◆ WHAT THE EXERCISE ASKS: Within the listing below, the lines to output run from the one containing "Швейная машина Подольская." through the one containing "Building Photo - 8 Central Ave"; copy them exactly and nothing else.

◆ DATA EXCERPTS:
[Start of section]

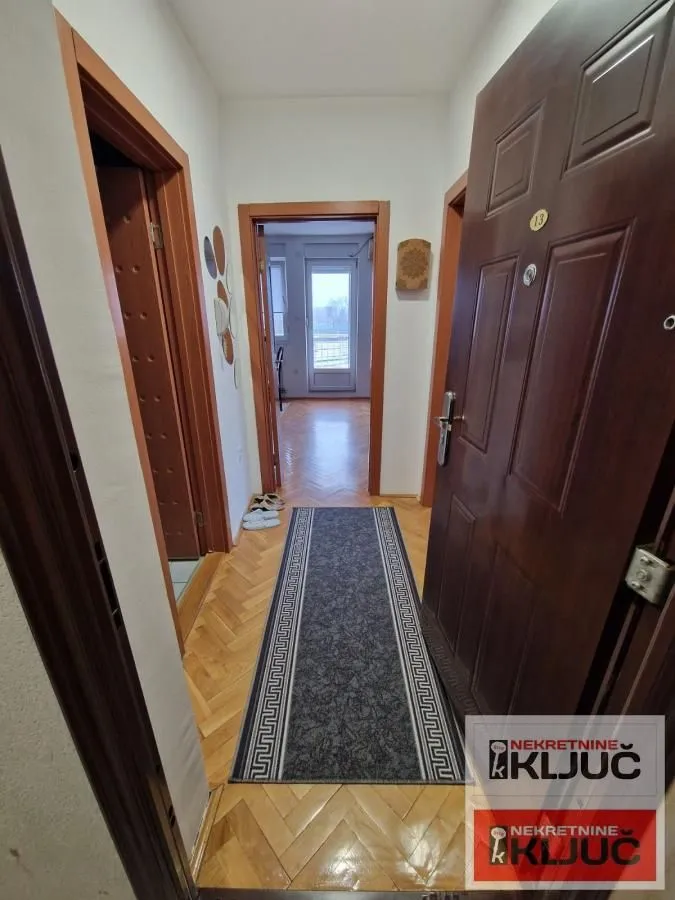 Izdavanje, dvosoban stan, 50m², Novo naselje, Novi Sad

[End of section]
[Start of section]

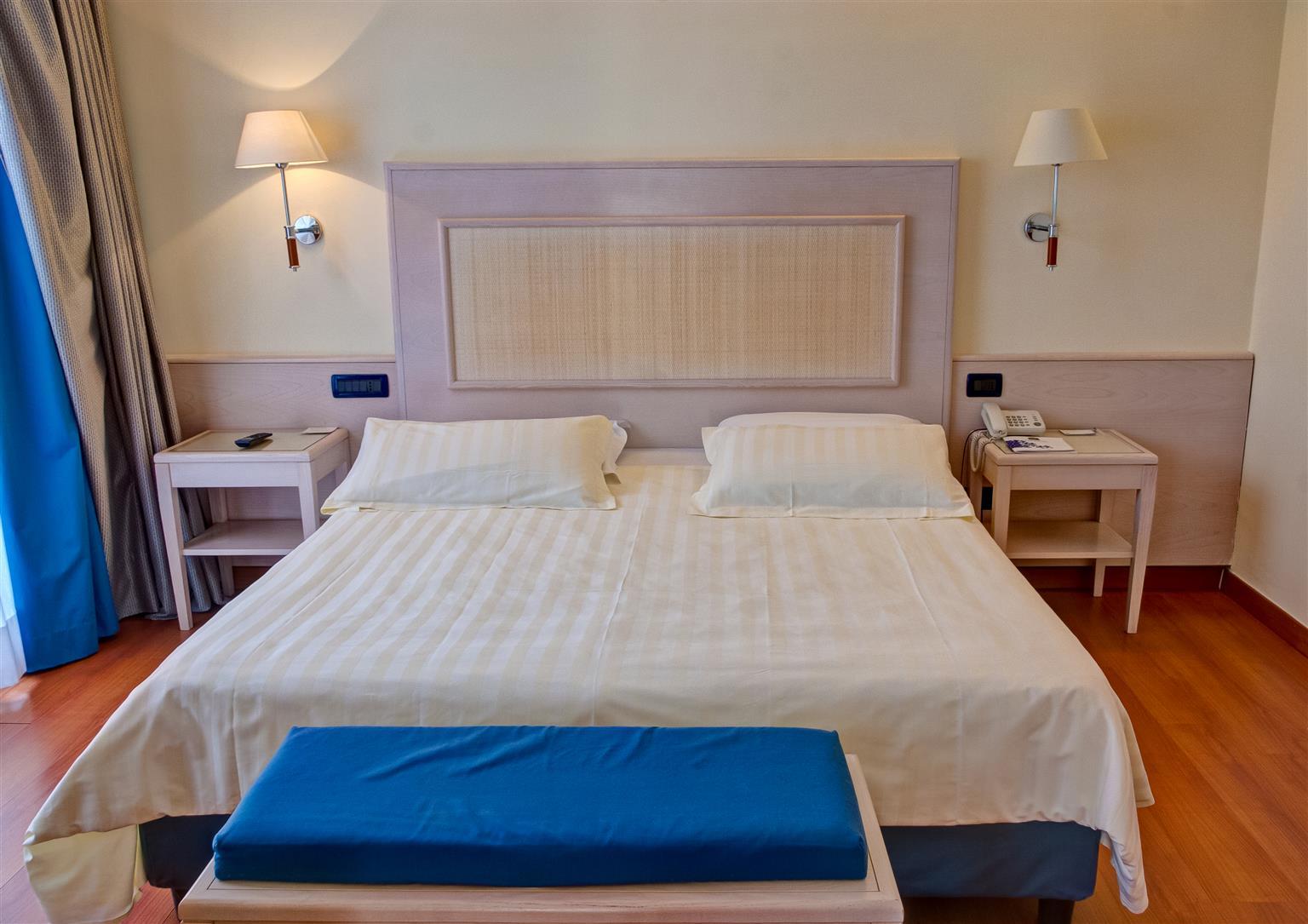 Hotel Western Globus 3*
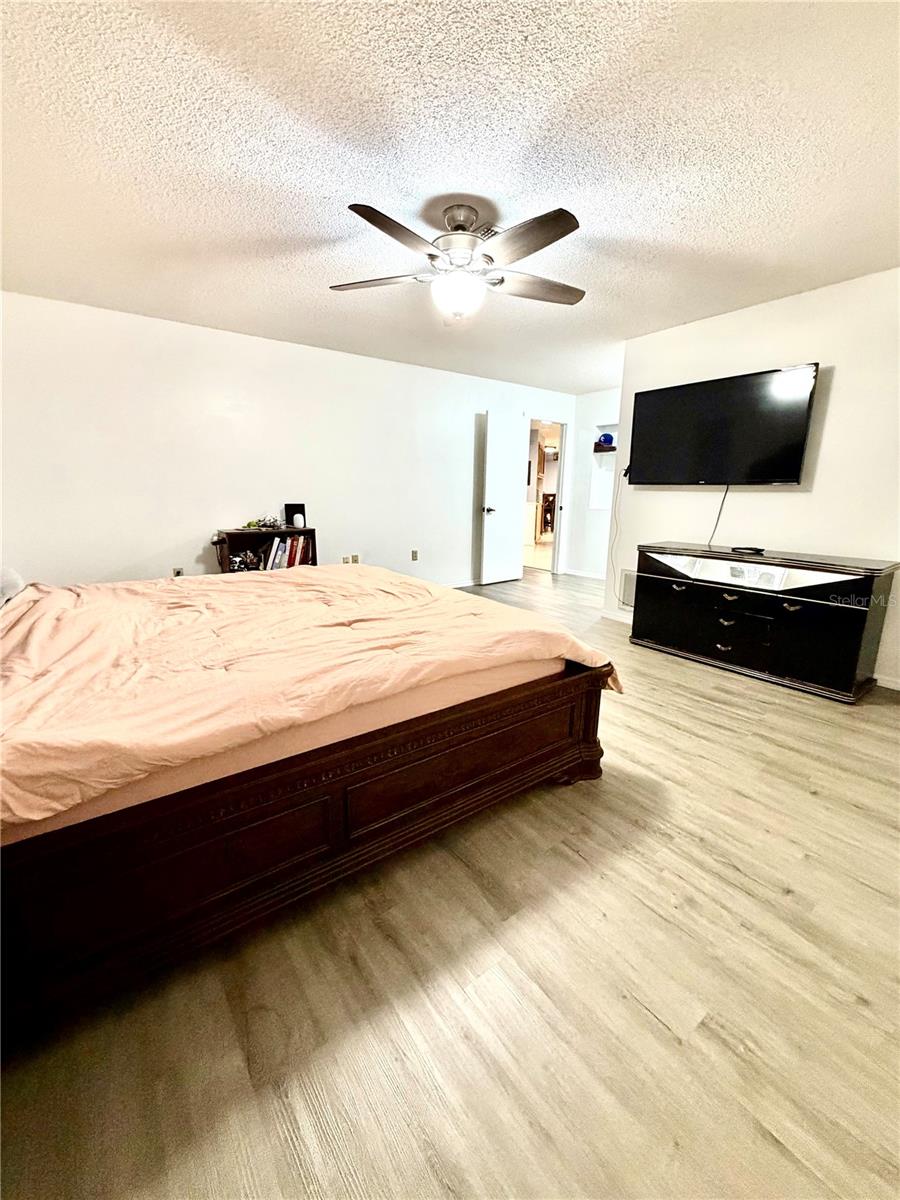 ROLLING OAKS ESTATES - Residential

[End of section]
[Start of section]

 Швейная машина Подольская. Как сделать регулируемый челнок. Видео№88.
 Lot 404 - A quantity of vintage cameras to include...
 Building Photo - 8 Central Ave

[End of section]

◆ SOLUTION TO THIS TASK:
 Швейная машина Подольская. Как сделать регулируемый челнок. Видео№88.
 Lot 404 - A quantity of vintage cameras to include...
 Building Photo - 8 Central Ave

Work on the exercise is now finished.